Extracted entries:

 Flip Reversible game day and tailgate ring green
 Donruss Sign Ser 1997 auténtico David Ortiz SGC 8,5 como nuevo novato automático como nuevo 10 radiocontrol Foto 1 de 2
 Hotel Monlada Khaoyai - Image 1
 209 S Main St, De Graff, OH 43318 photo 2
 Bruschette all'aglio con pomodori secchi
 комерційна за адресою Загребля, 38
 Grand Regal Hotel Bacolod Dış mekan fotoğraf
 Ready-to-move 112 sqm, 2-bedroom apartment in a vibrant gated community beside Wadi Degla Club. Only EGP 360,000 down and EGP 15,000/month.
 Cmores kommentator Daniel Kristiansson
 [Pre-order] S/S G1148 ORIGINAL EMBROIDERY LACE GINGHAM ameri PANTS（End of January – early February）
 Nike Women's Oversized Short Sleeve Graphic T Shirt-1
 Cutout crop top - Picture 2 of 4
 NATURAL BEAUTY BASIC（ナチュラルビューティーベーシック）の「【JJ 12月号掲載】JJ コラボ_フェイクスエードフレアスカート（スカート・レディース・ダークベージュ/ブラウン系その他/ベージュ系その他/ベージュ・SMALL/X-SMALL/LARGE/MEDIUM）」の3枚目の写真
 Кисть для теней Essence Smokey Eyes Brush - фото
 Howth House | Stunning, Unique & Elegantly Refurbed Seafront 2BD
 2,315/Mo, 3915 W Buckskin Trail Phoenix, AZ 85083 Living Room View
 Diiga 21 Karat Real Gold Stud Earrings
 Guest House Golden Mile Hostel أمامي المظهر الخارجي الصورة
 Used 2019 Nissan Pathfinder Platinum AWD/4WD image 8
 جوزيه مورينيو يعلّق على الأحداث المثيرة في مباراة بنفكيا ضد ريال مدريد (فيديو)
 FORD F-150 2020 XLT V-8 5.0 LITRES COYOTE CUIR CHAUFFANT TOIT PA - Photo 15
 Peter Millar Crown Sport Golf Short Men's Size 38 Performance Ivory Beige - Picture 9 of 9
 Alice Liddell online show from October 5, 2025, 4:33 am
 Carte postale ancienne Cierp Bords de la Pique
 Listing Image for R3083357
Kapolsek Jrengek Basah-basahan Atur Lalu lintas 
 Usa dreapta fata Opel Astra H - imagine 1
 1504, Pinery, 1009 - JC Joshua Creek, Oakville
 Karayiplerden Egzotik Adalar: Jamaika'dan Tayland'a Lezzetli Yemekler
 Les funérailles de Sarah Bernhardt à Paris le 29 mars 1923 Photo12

Assigned task: Copy out every record above once more, precisely as written.

Answer area:
 Flip Reversible game day and tailgate ring green
 Donruss Sign Ser 1997 auténtico David Ortiz SGC 8,5 como nuevo novato automático como nuevo 10 radiocontrol Foto 1 de 2
 Hotel Monlada Khaoyai - Image 1
 209 S Main St, De Graff, OH 43318 photo 2
 Bruschette all'aglio con pomodori secchi
 комерційна за адресою Загребля, 38
 Grand Regal Hotel Bacolod Dış mekan fotoğraf
 Ready-to-move 112 sqm, 2-bedroom apartment in a vibrant gated community beside Wadi Degla Club. Only EGP 360,000 down and EGP 15,000/month.
 Cmores kommentator Daniel Kristiansson
 [Pre-order] S/S G1148 ORIGINAL EMBROIDERY LACE GINGHAM ameri PANTS（End of January – early February）
 Nike Women's Oversized Short Sleeve Graphic T Shirt-1
 Cutout crop top - Picture 2 of 4
 NATURAL BEAUTY BASIC（ナチュラルビューティーベーシック）の「【JJ 12月号掲載】JJ コラボ_フェイクスエードフレアスカート（スカート・レディース・ダークベージュ/ブラウン系その他/ベージュ系その他/ベージュ・SMALL/X-SMALL/LARGE/MEDIUM）」の3枚目の写真
 Кисть для теней Essence Smokey Eyes Brush - фото
 Howth House | Stunning, Unique & Elegantly Refurbed Seafront 2BD
 2,315/Mo, 3915 W Buckskin Trail Phoenix, AZ 85083 Living Room View
 Diiga 21 Karat Real Gold Stud Earrings
 Guest House Golden Mile Hostel أمامي المظهر الخارجي الصورة
 Used 2019 Nissan Pathfinder Platinum AWD/4WD image 8
 جوزيه مورينيو يعلّق على الأحداث المثيرة في مباراة بنفكيا ضد ريال مدريد (فيديو)
 FORD F-150 2020 XLT V-8 5.0 LITRES COYOTE CUIR CHAUFFANT TOIT PA - Photo 15
 Peter Millar Crown Sport Golf Short Men's Size 38 Performance Ivory Beige - Picture 9 of 9
 Alice Liddell online show from October 5, 2025, 4:33 am
 Carte postale ancienne Cierp Bords de la Pique
 Listing Image for R3083357
Kapolsek Jrengek Basah-basahan Atur Lalu lintas 
 Usa dreapta fata Opel Astra H - imagine 1
 1504, Pinery, 1009 - JC Joshua Creek, Oakville
 Karayiplerden Egzotik Adalar: Jamaika'dan Tayland'a Lezzetli Yemekler
 Les funérailles de Sarah Bernhardt à Paris le 29 mars 1923 Photo12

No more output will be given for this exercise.